Однако дело не только в труде, не только в самом акте создания произведения. Удивительно верно писал о деле художника Михаил Пришвин: «Я не управляю творчеством, как механизмом, но я веду себя так, чтобы выходили из меня прочные вещи: мое искусство слова стало мне как поведение... Я... стал заниматься искусством слова, соблюдая в своих поступках величайшую осторожность... В наше время (это записано в 1951 году. – В. К.) все говорят о мастерстве художника... Но мастерство без того поведения... все равно что движение на мельнице жерновов без зерна».

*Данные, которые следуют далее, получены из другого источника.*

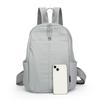 Mochila Plegable Ligera Lista para la Fábrica Impermeable para Deportes al Aire Libre Ocio Viajes Mochila de Gran Capacidad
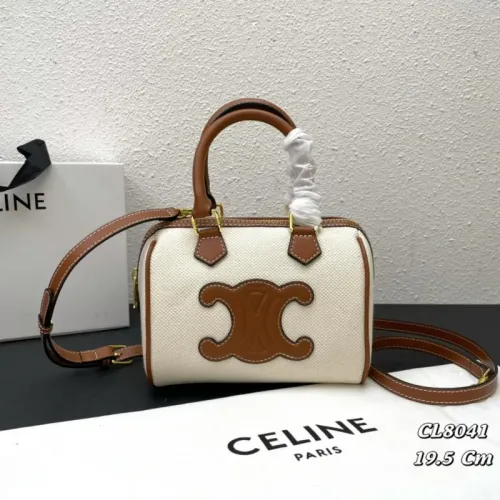 Celine AAA Quality Handbags For Women #1404195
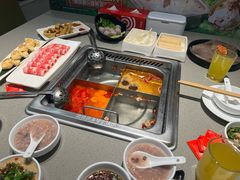 -海底捞火锅(石狮泰禾广场店)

В том, что мы нередко принимаем за чисто внешние и, так сказать, нейтральные способы обработки слова, именно и воплощается, объективируется художественный мир писателя. Поэтому ввести в свое произведение чужой «прием» – это значит внести кусочек чужого художественного мира и подменить, заслонить им свой собственный.

Приведу пример из произведения Юрия Казакова – вот отрывок из его рассказа «Легкая жизнь»: «Встрепенувшись, Василий Панков тотчас идет в вагон-ресторан, качаясь на переходных площадках, не закрывая за собой дверей, толкаясь и цепляя пассажиров. В ресторане он знакомится с кем-то из другого вагона, идет с ним туда, приглашает его к себе в деревню, поет песни, всех перебивает, пытается что-то рассказать, хочет быть всех умнее, образованнее, чем на самом деле, но пьяная, глупая серость так и прет из него».

А вот другой отрывок: «Он без умолку говорит и во время каждой остановки бегает к буфету. Чувствуя потребность в слушателях, он тащит к буфету то обер-кондуктора, то машиниста, и пьет не просто, а длинно, с причитываниями и с чоканьем...
От водки он мало-помалу возбуждается и впадает в деловой азарт. Ему хочется хлопотать, торопиться, наводить справки, без умолку говорить. Он то роется в карманах и в узлах и ищет какой-то бланок, то что-то вспоминает и никак не может вспомнить, то вынимает бумажник и без всякой надобности пересчитывает деньги».

Не правда ли, похоже? И дело отнюдь не в тематической близости – она лишь подчеркивает сходство, – а в родственности ритма, если взять это понятие в самом широком и полном его смысле. Пастернак верно заметил, что «музыка слова – явление совсем не акустическое и состоит... в соотношении звучания и значения». Это тем более относится к ритму прозы. Ритм здесь является как бы равнодействующей всех аспектов, всех силовых линий художественного целого. Чехов – а второй отрывок, как многие, вероятно, догадались, принадлежит ему — создал глубоко своеобразную форму ритма, в основе которой лежит особый тип художественного времени: его уместно назвать «многократным настоящим».

То, о чем повествуется («Он без умолку говорит...» и т. д.), совершается сейчас, но вместе с тем нам понятно, что оно совершалось и будет совершаться много, бессчетное число раз. И эта многократность запечатлена не только в смысле, но и в звучащем движении фразы. А ритм как бы сливает воедино значение и звучание, содержание и форму.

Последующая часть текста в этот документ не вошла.